▶ **Raw data**

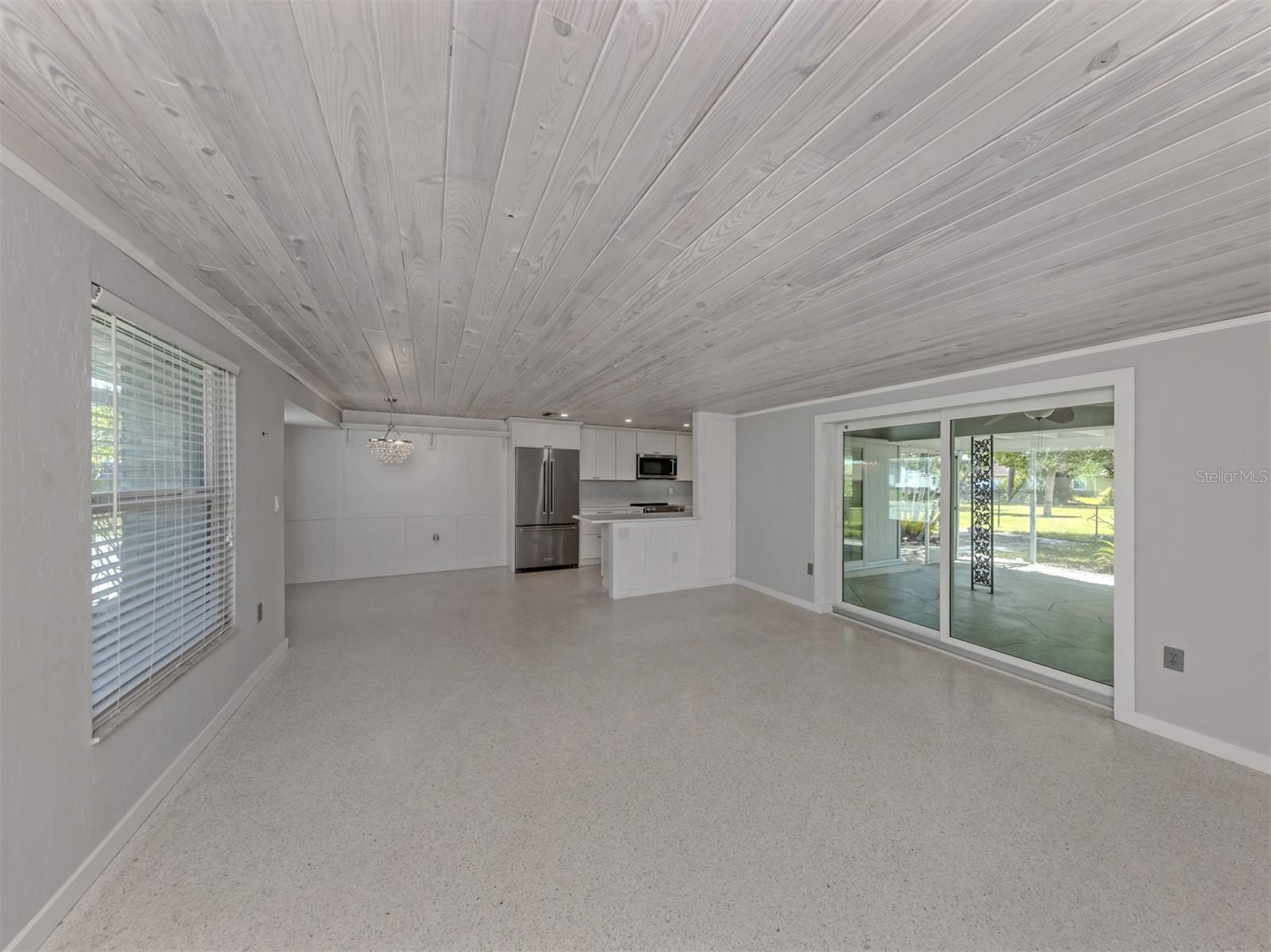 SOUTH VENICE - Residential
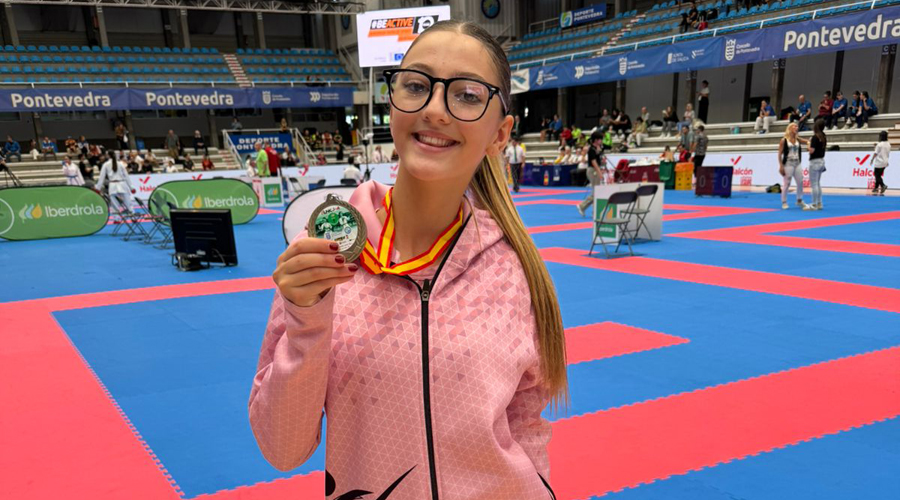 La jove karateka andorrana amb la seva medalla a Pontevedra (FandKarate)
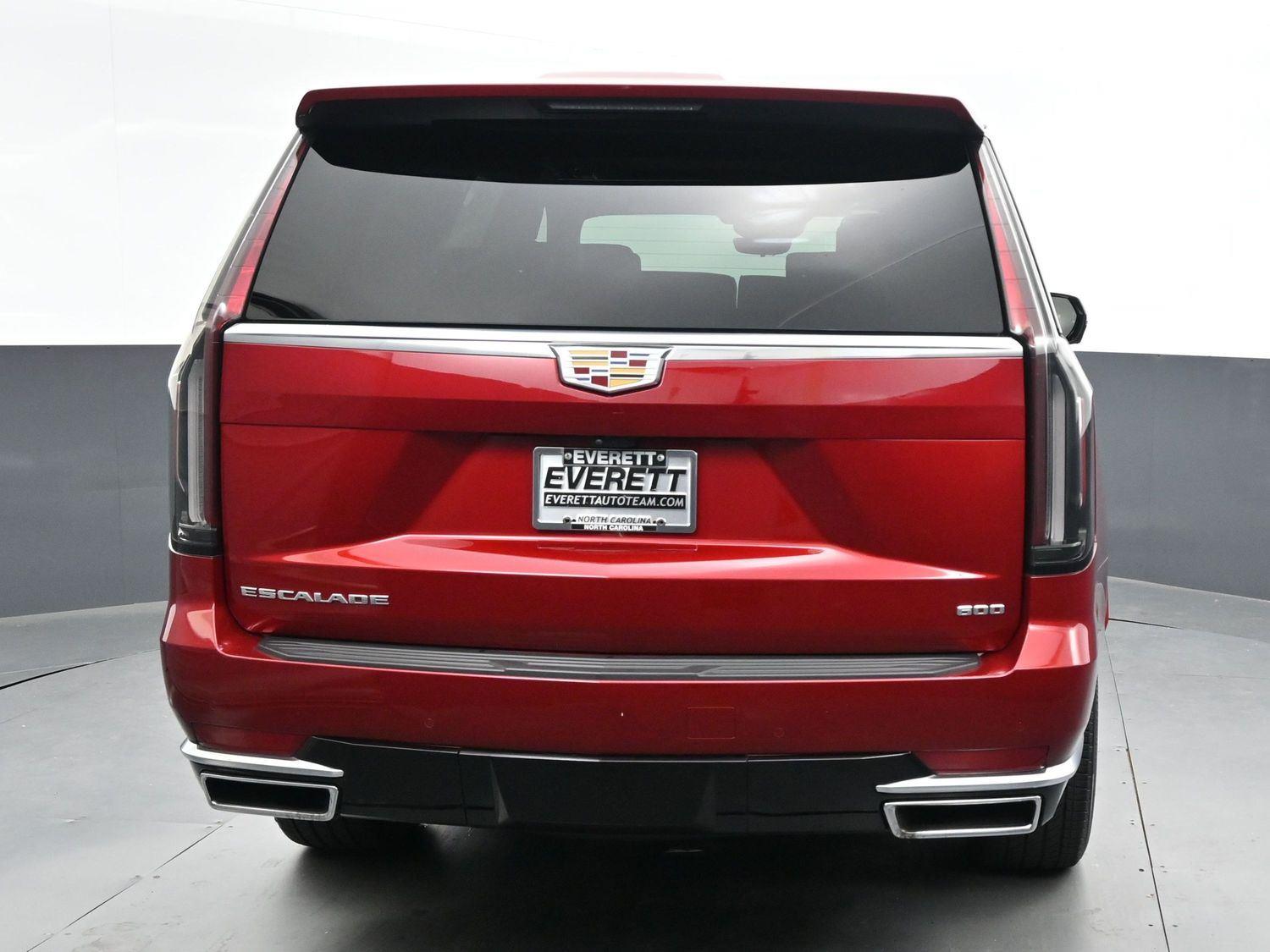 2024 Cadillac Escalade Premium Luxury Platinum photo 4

▶ **What you will do**
The lines above must be transcribed exactly, with every picture left out.

▶ **The completed task**
 SOUTH VENICE - Residential
 La jove karateka andorrana amb la seva medalla a Pontevedra (FandKarate)
 2024 Cadillac Escalade Premium Luxury Platinum photo 4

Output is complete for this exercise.